Unglued is about my imperfect progress — a rewrite for the ongoing script of my life and a do-over of sorts for my raw emotions. It’s an honest admission that this struggle of reining in how I react has been hard for me. But hard doesn’t mean impossible.
How hard something is often depends on your vantage point. Consider the shell of an egg. Looking at it from the outside, we know an eggshell is easily broken. But if you’re looking at that same shell from the inside, it seems an impenetrable fortress. It’s impossible for the raw white and tender yolk to penetrate the hardness of the eggshell. But given time and the proper incubation, the white and yolk develop into a new life that breaks through the shell and shakes itself free. And in the end, we can see that the hard work of cracking the shell was good for the baby chick. The shell provided a place for new life to grow, and then enabled the chick to break forth in strength.
Might the same be true for our hard places? Might all this struggle with our raw emotions and unglued feelings have the exact same potential for new life and new strength?
I think so. I know so. I’ve seen so.
Indeed, emotions aren’t bad.
God gave us emotions. Emotions allow us to feel as we experience life. Because we feel, we connect. We share laughter and know the gift of empathy. We can drink deeply from love and treasure it as only emotions will allow. And yes, we also experience difficult emotions such as sadness, fear, shame, and anger. But might these be important as well? As being able to feel the hot stove tells our finger to pull back, might our raw emotions be important indicators as well?

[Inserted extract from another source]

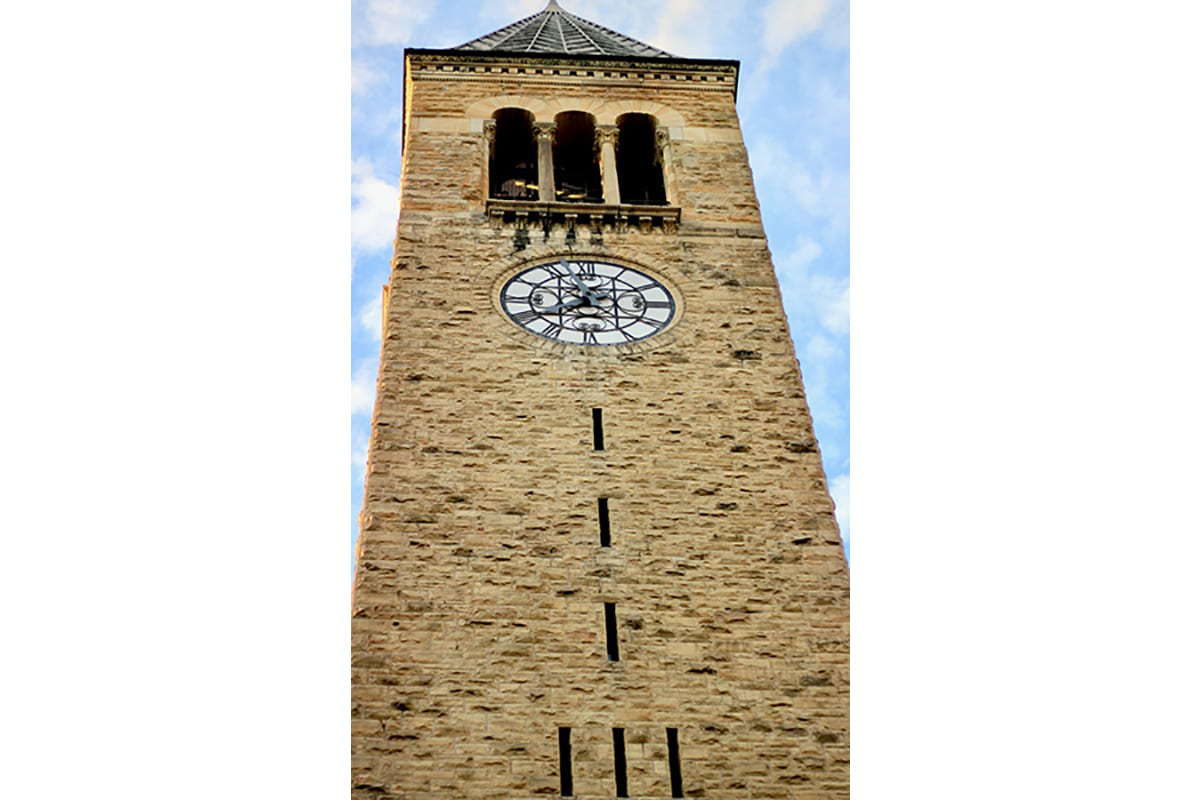 A photograph of the Clock Tower looking up from the base.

Yes, but I must remember God gave me emotions so I could experience life, not destroy it. There is a gentle discipline to it all. One I’m learning.
So, in the midst of my struggle and from the deep places of my heart I scrawled out simple words about lessons learned, strategies discovered, Scriptures applied, imperfections understood, and grace embraced. I wrote about peace found, peace misplaced, flaws admitted, and forgiveness remembered. And eventually, I celebrated progress made.
And that’s the promise of this book. Progress. Nothing more. Nothing less. We won’t seek instant change or quick fixes. We’ll seek progress. Progress that will last long after the last page is turned.
We will walk through our progress together. You’re not alone. Neither am I. Isn’t that good to know? Isn’t it good to have this little space and time together where it’s okay to be vulnerable with what we’ve stuffed and to be honest about what we’ve spewed?
There will be tender mercies for the raw emotions. No need to bend under the weight of past mistakes. That kind of bending breaks us. And there’s already been enough brokenness here. No, we won’t bend from the weight of our past, but we will bow to the one who holds out hope for a better future. It’s a truth-filled future where God reveals how emotions can work for us instead of against us.
Our progress is birthed in this truth, wrapped in the understanding that our emotions can work for us instead of against us. And then we get to cultivate that progress, nurture it, and watch it grow. Eventually, others will begin to see it and take notice.
That’s progress, lovely progress. Imperfect progress, but progress nonetheless.
Oh dear friend, there is a reason you are reading these words. There is a hurt we share. But might we also drink deeply from God’s cup of hope and grace and peace as well? The fresh page is here for the turning. A new script is waiting to be written. And together we will be courageous women gathering up our unglued experiences and exchanging them for something new. New ways. New perspectives. New me. New you. And it will be good to make this imperfect progress together.